OVERLAND PARK, Kan.(AP)
Wireless carrier Sprint Nextel Corp. said Monday it had a larger
first-quarter deficit as revenue fell, it lost more than a million
subscribers and it absorbed charges for severance and other
costs.
Its shares fell almost 4 percent in premarket trading.
Overland Park, Kan.-based Sprint said its loss totaled $505
million, or 18 cents per share, in the three months ended March 31
compared with a loss of $211 million, or 7 per share, during the
first quarter of last year.
Not including a number of one-time charges, including $231
million for severance and asset impairment and $86 million in
deal-related costs, the company said it earned 4 cents per share,
compared to 18 cents per share in the year-ago quarter.
Revenue fell 7.5 percent to $9.3 billion from $10.1 billion a
year earlier.
Analysts surveyed by Thomson Financial had expected earnings of
2 cents per share on $9.4 billion in sales.
Its shares fell 37 cents, or 3.9 percent, to $9.01 in premarket
trading.
Sprint, which has struggled since buying Nextel Communications
Inc. in 2005, said its total subscriber base fell by 1.09 million
to 52.8 million, including the loss of 1.07 million post-paid
customers who pay a monthly bill.
That was actually smaller than the 1.2 million in post-paid
losses the company had forecast last quarter.
Churn, or the measure of customers dropping service, was 2.45
percent during the quarter, an increase from the first quarter of
2007 and last quarter. Average revenue generated per post-paid user
fell 6 percent from last year to $56.
"As expected, our wireless business delivered weak
financial results," Sprint Chief Executive Officer Dan Hesse
said. "While the business will continue to face challenges in
the short term, we are making progress in methodically attacking
the sources of our performance issues."
During the first quarter, the company introduced a $99.99 plan
that provides unlimited voice and data services, undercutting by
price its chief rivals AT&T Mobility and Verizon Wireless'
similar unlimited plans.
It also has revamped its marketing, which has often been
criticized since the purchase of Nextel as being unfocused.
The company said it expected to continue feeling pressure on
wireless revenue and would have only "marginal"
improvement of post-paid subscriber losses in the second quarter.
However, it said it expected its finances to stabilize towards the
end of the year.
Sprint also said it was exploring the possible sale of non-core
assets and other moves designed to help profitability and ensure
the company maintains compliance with its debt covenants.
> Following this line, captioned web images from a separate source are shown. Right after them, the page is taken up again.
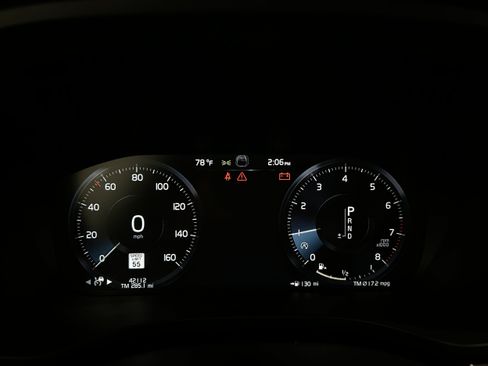 Used 2019 Volvo XC60 T5 Momentum w/ Multimedia Package AWD/4WD image 14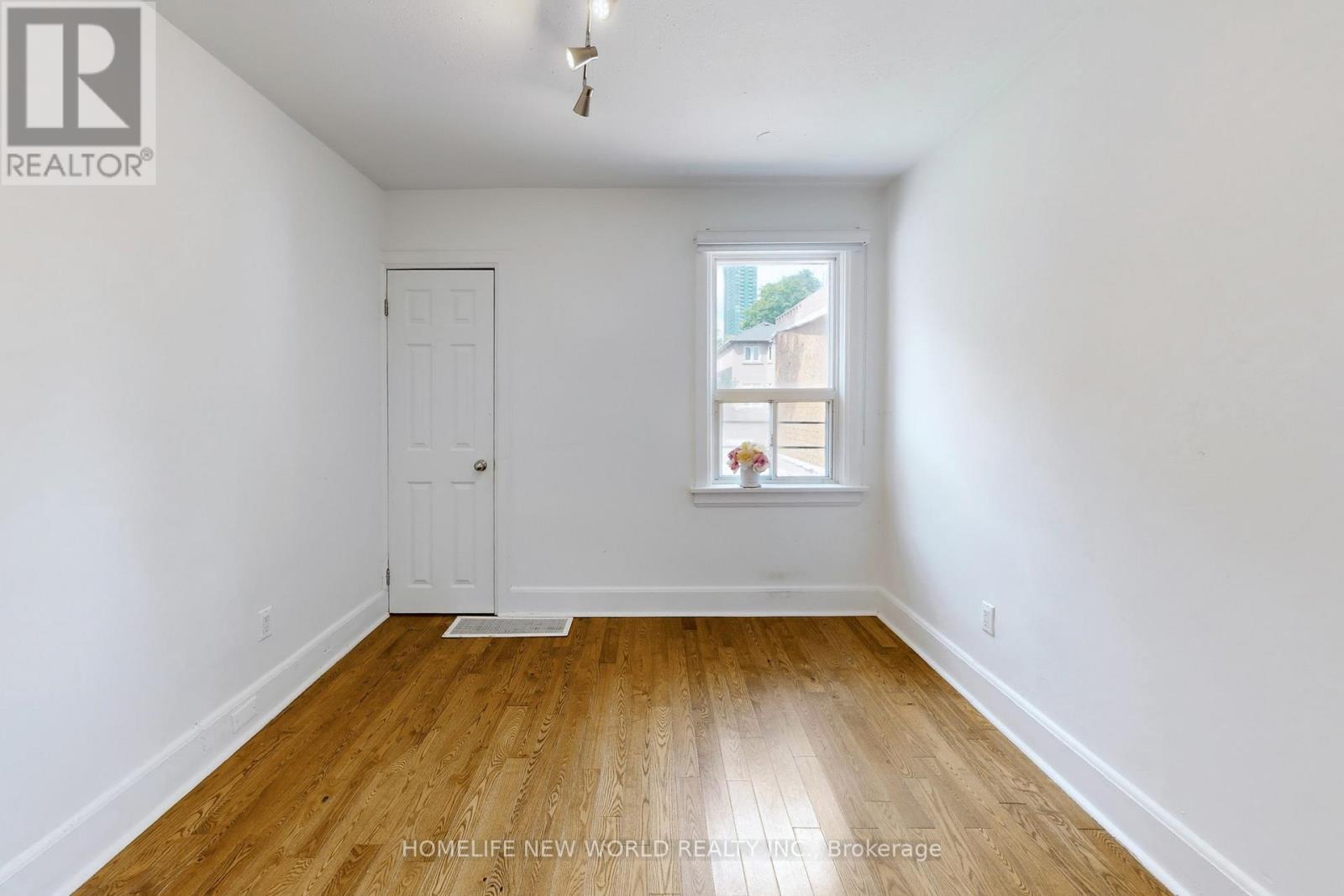 14 Franklin Avenue, Toronto, ON - Indoor Photo Showing Other Room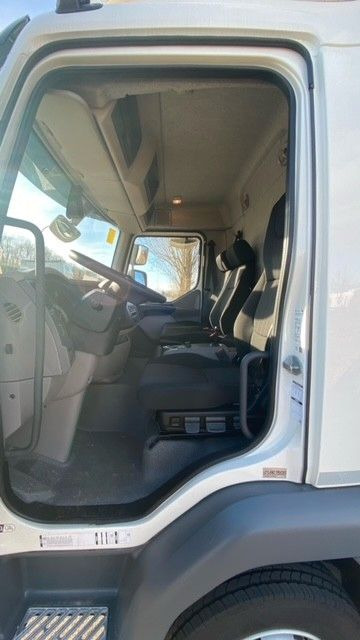 DAF LF 210 8t Pritsche-Plane LBW Tageszulassung DAF FA LF 210 08t Spier Pritsche-Plane - Тентованный грузовик: фото 5 DAF LF 210 8t Pritsche-Plane LBW Tageszulassung DAF FA LF 210 08t Spier Pritsche-Plane - Тентованный грузовик: фото 5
It also
said it may ask its lenders for waivers to its credit facilities
but said it expected to remain in compliance with those covenants
"over the next few financial quarters while exploring and
pursuing these measures."
Last week, Sprint and Clearwire Corp. announced they had
resurrected their plan to offer high-speed mobile Internet service
with the help of some deep-pocketed supporters.
The two companies said they will combine their wireless
broadband units to create a $14.55 billion communications company,
to be called Clearwire, that will continue developing a mobile
network based on WiMax technology.
WiMax is similar to the WiFi service found in coffee shops,
airports and many homes but able to cover larger areas and
supposedly download at speeds faster than the latest cellular
networks for movies, games and other data services.
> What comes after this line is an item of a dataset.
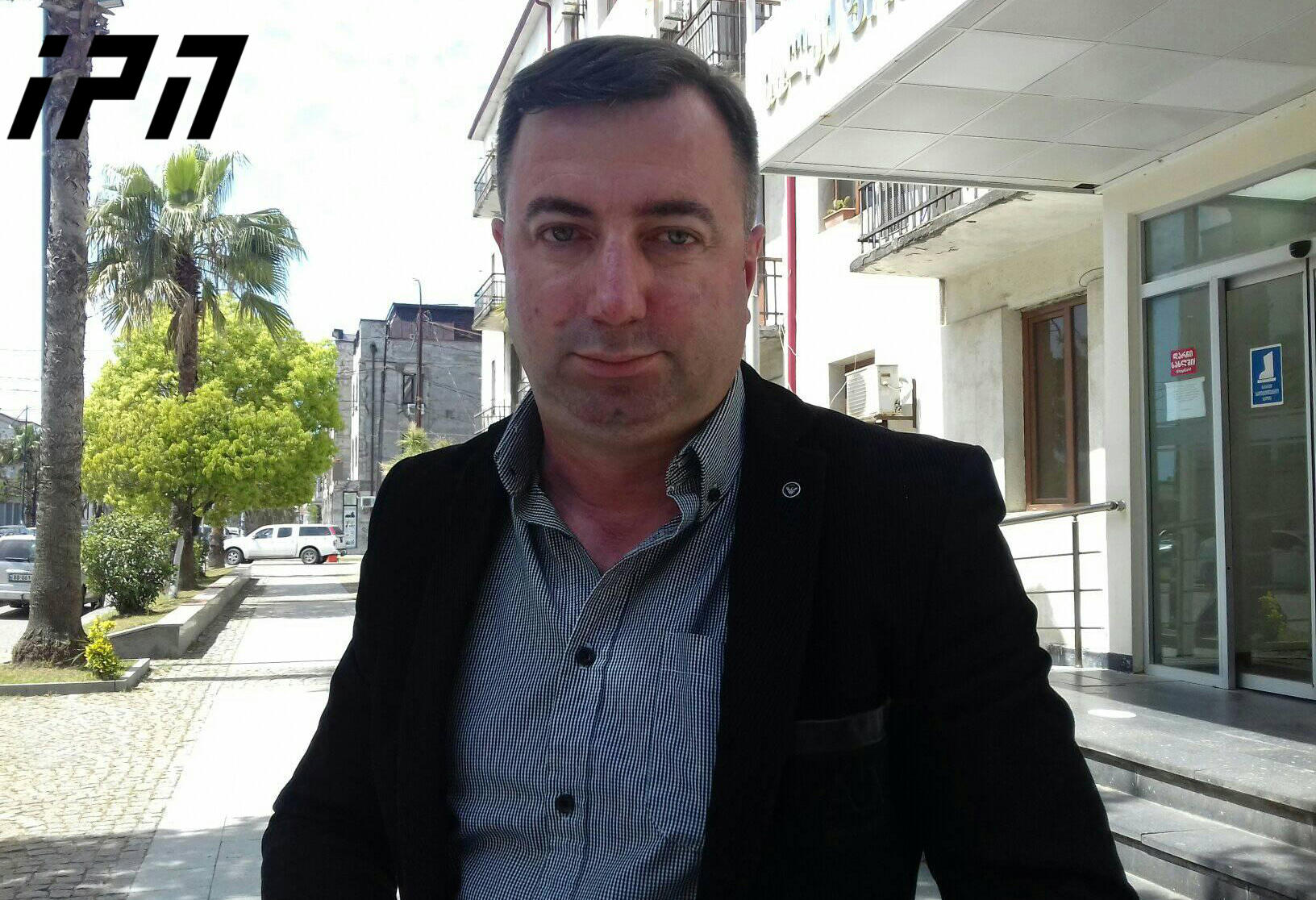 ფოთის მუნიციპალიტეტის სერვისების ცენტრის ერთ-ერთი განყოფილების ხელმძღვანელი აცხადებს, რომ თანამდებობის დატოვება აიძულეს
A similar partnership fell through last November. This time,
however, the duo is getting help from a group of outside investors,
including Intel Corp., Google Inc., Comcast Corp., Time Warner
Cable Inc. and Bright House Networks, who will kick in $3.2 billion
for the new company.
Other rumors swirling around the company is whether it plans to
spin off or sell its press-to-talk Nextel business and if it is a
possible acquisition target by Deutsche Telekom, the owner of
wireless rival T-Mobile.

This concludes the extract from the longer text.